Word for word, retype the tail of the data below, starting with the line that has "MQTT for Sensor" and including the last line.
-- Excerpted data follows --
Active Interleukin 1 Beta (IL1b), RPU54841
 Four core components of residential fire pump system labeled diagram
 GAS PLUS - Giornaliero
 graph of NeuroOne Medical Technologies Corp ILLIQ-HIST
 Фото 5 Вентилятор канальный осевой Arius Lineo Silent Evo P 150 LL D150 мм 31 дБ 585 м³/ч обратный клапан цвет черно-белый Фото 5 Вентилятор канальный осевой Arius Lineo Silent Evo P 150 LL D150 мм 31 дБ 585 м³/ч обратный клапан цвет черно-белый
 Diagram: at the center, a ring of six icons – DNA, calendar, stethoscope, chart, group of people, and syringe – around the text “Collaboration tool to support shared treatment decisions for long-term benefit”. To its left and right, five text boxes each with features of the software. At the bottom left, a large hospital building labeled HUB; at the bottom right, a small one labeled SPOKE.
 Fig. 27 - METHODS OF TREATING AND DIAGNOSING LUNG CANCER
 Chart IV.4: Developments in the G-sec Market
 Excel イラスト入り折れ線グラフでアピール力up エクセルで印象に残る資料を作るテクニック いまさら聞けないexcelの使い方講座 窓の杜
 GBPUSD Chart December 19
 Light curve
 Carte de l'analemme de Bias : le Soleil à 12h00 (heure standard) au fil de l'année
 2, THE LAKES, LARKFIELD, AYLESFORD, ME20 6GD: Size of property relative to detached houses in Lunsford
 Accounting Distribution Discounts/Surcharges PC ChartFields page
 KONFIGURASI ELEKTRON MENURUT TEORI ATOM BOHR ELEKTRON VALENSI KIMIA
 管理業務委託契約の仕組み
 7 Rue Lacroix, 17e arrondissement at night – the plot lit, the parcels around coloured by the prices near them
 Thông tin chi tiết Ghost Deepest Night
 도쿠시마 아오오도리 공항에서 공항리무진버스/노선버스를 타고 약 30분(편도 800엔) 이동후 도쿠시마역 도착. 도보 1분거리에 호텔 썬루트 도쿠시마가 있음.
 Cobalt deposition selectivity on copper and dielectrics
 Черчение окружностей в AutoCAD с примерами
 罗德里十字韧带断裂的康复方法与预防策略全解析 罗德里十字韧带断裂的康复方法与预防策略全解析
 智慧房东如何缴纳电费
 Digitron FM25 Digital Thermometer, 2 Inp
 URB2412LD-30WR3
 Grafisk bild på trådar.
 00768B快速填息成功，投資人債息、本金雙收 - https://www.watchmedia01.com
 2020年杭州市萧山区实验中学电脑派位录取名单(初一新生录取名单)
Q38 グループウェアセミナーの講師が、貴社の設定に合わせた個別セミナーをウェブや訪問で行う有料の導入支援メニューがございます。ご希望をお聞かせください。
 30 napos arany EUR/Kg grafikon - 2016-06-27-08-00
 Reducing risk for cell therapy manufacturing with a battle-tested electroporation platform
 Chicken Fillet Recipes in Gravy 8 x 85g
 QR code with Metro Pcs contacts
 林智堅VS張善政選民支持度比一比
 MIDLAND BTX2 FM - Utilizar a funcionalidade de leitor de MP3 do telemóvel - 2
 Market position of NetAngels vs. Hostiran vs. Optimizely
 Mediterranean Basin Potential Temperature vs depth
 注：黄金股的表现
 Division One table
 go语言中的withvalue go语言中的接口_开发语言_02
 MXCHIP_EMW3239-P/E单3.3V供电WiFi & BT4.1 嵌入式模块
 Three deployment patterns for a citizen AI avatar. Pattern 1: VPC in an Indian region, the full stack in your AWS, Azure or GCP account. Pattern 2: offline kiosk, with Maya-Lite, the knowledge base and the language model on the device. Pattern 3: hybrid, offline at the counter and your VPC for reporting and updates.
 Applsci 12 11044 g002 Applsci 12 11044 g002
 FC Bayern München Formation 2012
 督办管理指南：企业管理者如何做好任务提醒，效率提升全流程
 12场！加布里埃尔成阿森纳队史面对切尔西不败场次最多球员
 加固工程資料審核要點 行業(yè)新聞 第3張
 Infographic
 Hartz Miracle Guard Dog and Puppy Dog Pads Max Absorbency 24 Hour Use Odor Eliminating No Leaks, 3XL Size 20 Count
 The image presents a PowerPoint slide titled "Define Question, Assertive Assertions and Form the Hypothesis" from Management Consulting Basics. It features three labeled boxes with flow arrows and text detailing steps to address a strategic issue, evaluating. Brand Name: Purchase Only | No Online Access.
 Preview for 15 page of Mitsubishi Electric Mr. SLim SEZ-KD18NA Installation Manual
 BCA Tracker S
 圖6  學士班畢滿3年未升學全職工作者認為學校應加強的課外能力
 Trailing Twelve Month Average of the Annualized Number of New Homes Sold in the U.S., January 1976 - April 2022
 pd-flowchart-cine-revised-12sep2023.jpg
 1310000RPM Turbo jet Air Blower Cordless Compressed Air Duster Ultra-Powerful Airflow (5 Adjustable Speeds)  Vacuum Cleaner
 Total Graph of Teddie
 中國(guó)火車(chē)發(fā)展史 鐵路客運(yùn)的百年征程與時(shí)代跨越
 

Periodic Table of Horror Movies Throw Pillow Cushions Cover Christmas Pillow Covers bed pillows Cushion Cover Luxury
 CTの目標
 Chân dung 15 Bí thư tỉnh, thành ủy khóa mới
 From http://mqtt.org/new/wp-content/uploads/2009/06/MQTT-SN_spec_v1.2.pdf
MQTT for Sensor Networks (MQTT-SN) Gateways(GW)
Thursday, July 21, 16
-- Excerpted data concluded --
Response below:
MQTT for Sensor Networks (MQTT-SN) Gateways(GW)
Thursday, July 21, 16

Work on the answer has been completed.